The people behind Palo Alto startup Rain Industries, with an earlier prototype drone (left to right): Ephraim Nowak, chief engineer of autonomous systems, Bryan Hatton, chief technical officer, and Maxwell Brodie, CEO (courtesy of Rain Industries) 

“Drones have certainly come into the forefront in the last several years,” said former Menlo Park Fire Protection District director Bart Spencer, who now works for Rain. “It makes sense that you take something that’s on the cutting edge of technology and you’re adding a firefighting skill to that. You’re getting a resource to a place that oftentimes is not reachable or not reachable in a reasonable amount of time.”

But if Rain is to successfully deploy its drones, it will have to surmount several challenges, including “accurately identifying the sheer number of hot spots in a large and fast-expanding fire,” said UC Berkeley forestry expert William Stewart. Piloted helicopters can accurately drop much larger volumes of retardant, said Stewart, who also cited “the airspace challenge of drones interfering with much larger, and much more effective, helicopters” and potential problems with wildfire-related turbulence.

Brodie acknowledged that high winds are a challenge for drones, and said bigger aircraft tend to handle them better. Rain will test the Mark 2 to determine its wind tolerance, he said. “If we need to go larger than that it’s not fundamentally a problem as far as the technology goes,” Brodie said. “With larger vehicles you need fewer vehicles in an area.”

Brodie pointed out that deploying helicopters in smoky, windy conditions and tight terrain is perilous for pilots. “If you look in places where automation is typically used first, one of the major areas is when things are dangerous,” he said.

Rain has discussed its technology with major California fire departments and Cal Fire, Brodie said. Cal Fire spokeswoman Alisha Herring noted that the agency already uses drones for fire-damage assessment, but hasn’t used them to drop retardant. However, the agency is always looking for emerging technologies that could improve capabilities and safety, she said, adding that Rain’s technology would have to be evaluated and tested by Cal Fire.

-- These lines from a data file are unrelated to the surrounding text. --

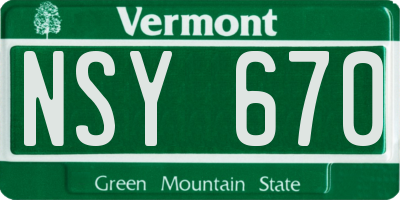 VT license plate NSY670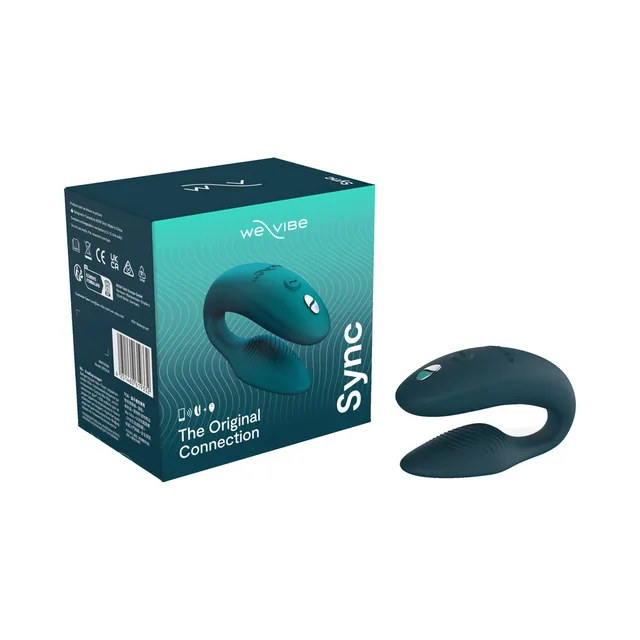 Green Velvet We-Vibe Sync 2 beside teal retail box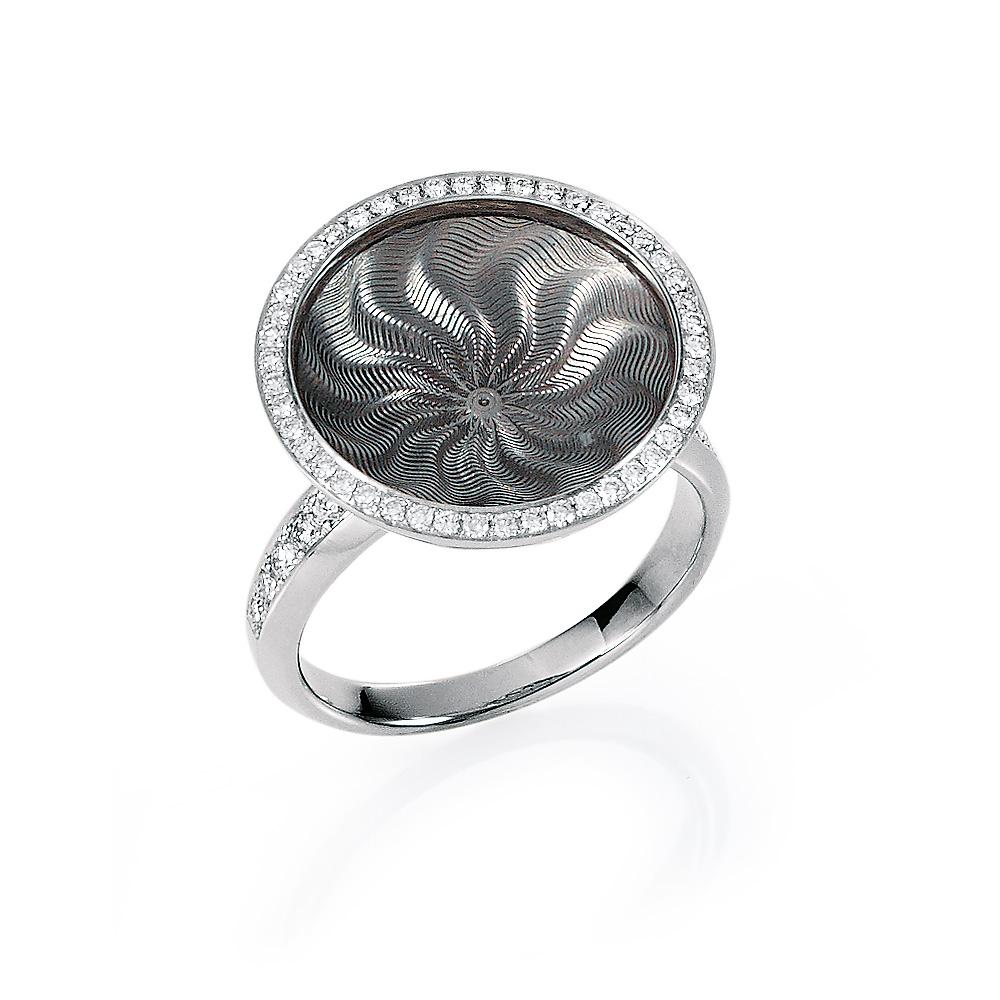 Contemporary Round Silver Grey Guilloche Enamel Ring 18k White Gold 57 Diamonds For Sale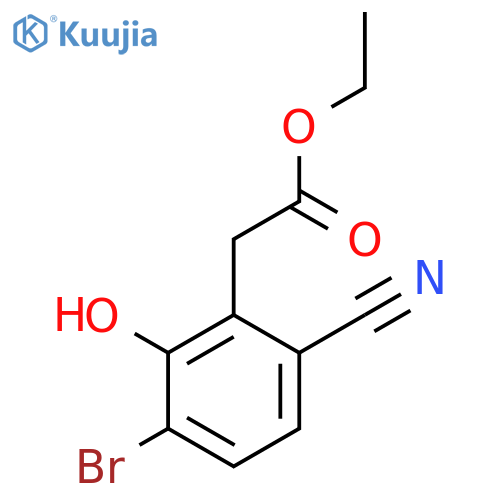 Ethyl 3-bromo-6-cyano-2-hydroxyphenylacetate structure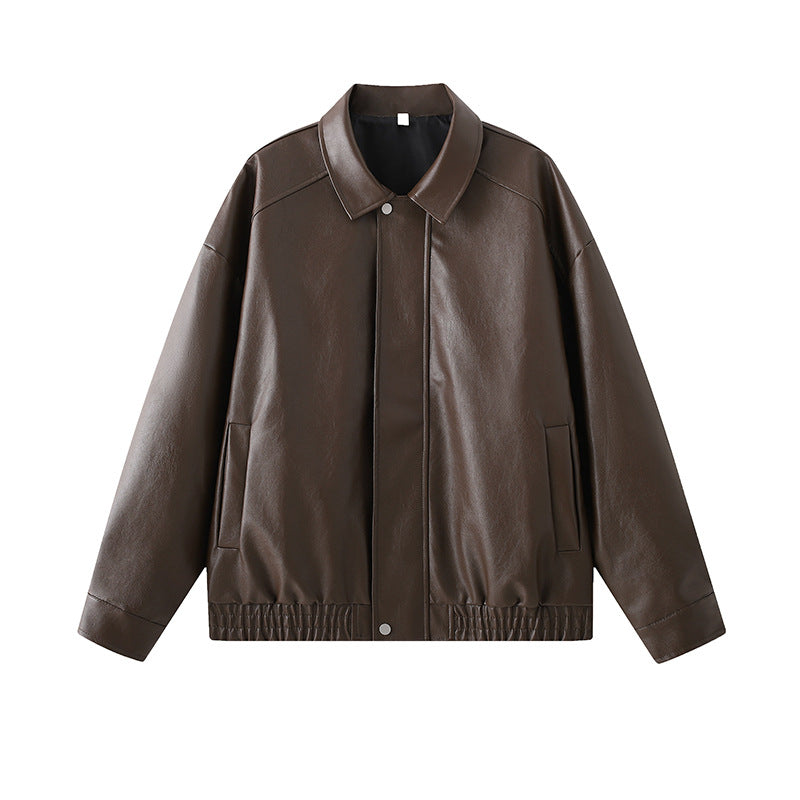 Herren elegante Kunstlederjacke mit elastischem Bund Krohn-e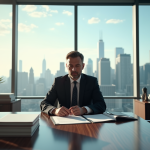 Avocat confiant dans un bureau moderne avec vue sur la ville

PG&E, which received bankruptcy protection in 2019 after being hit with $30 billion in liabilities for damage from wildfires in 2017 and 2018 linked to its equipment, also uses drones to inspect its network, and has helped build the network of fire-spotting cameras that it uses along with satellite imagery to identify fires.

Although a cost estimate for the Rain service isn’t yet available, Dixon fire chief McNeal noted that this year’s fires alone caused billions of dollars in damages and experts believe climate change will continue to bring catastrophic fire seasons. “The cost of the current destruction we’re seeing,” he said, “is going to be ridiculously larger than the cost of this one prong of the possible solution.”